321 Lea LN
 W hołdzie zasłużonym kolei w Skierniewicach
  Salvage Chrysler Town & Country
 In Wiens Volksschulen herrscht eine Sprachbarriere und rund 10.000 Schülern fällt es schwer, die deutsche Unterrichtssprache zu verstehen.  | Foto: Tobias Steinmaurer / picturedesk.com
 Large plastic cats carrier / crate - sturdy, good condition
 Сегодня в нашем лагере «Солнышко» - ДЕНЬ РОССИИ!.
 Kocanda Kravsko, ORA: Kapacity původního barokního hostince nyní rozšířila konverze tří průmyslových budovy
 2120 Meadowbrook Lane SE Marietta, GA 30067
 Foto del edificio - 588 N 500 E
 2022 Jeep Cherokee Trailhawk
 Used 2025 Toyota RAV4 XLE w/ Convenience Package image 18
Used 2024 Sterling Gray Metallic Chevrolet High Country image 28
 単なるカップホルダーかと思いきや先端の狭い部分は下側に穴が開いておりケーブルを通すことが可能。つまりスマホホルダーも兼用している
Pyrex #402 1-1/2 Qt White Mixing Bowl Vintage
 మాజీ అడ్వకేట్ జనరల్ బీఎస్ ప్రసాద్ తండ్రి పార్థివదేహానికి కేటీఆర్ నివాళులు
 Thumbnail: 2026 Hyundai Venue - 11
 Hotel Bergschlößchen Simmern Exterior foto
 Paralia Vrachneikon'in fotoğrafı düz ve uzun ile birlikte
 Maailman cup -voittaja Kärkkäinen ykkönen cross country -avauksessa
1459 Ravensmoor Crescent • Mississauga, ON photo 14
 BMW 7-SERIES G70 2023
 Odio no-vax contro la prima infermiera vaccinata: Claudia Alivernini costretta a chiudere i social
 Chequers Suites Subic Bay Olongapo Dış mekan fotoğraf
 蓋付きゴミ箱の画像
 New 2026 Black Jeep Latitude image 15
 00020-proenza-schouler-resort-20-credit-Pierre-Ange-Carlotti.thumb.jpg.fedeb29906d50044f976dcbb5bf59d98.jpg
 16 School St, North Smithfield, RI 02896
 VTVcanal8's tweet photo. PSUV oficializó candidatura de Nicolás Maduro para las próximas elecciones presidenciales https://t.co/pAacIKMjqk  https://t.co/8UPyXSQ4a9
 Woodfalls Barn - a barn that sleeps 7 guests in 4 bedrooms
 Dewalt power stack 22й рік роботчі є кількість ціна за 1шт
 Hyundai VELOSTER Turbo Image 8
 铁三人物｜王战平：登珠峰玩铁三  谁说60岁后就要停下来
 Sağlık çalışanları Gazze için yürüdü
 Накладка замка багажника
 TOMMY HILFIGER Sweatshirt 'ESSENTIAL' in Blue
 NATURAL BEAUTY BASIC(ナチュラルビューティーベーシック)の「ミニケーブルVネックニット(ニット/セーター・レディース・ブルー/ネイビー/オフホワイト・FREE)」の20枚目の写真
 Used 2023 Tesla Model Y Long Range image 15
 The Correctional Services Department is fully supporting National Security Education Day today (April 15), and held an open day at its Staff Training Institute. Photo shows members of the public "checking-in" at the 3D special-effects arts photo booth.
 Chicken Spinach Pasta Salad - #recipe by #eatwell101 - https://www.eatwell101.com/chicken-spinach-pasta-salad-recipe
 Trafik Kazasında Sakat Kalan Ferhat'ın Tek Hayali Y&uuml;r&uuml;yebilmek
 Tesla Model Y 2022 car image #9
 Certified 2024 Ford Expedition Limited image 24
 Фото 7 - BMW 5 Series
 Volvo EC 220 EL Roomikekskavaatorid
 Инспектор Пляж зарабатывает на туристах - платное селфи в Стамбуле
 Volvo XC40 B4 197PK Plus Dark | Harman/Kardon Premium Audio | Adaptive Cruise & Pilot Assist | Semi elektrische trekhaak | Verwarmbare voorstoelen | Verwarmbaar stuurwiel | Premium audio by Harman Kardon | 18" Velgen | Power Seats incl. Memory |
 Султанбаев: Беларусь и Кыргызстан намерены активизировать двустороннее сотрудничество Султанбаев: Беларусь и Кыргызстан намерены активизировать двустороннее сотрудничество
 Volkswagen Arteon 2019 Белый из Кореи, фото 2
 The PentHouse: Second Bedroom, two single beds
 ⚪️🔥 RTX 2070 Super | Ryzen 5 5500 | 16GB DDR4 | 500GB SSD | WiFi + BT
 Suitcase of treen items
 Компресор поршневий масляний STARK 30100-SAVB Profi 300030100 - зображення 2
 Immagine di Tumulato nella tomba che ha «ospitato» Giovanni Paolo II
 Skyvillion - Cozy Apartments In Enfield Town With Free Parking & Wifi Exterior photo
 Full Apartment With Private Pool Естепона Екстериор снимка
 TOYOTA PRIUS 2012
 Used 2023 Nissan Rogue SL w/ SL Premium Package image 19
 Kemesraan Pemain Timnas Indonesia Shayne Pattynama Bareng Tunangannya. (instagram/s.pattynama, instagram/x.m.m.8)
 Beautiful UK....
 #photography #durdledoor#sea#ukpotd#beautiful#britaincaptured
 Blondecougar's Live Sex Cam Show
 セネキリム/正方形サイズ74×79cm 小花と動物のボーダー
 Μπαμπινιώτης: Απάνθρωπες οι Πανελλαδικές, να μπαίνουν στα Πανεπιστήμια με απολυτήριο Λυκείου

○ ○ ○ ○

> _WORK TO BE COMPLETED_: Word for word, reproduce the listing above from its start up to and including the line that has "2022 Jeep Cherokee Trailhawk". Give only those lines.

> _FINISHED TASK_:
321 Lea LN
 W hołdzie zasłużonym kolei w Skierniewicach
  Salvage Chrysler Town & Country
 In Wiens Volksschulen herrscht eine Sprachbarriere und rund 10.000 Schülern fällt es schwer, die deutsche Unterrichtssprache zu verstehen.  | Foto: Tobias Steinmaurer / picturedesk.com
 Large plastic cats carrier / crate - sturdy, good condition
 Сегодня в нашем лагере «Солнышко» - ДЕНЬ РОССИИ!.
 Kocanda Kravsko, ORA: Kapacity původního barokního hostince nyní rozšířila konverze tří průmyslových budovy
 2120 Meadowbrook Lane SE Marietta, GA 30067
 Foto del edificio - 588 N 500 E
 2022 Jeep Cherokee Trailhawk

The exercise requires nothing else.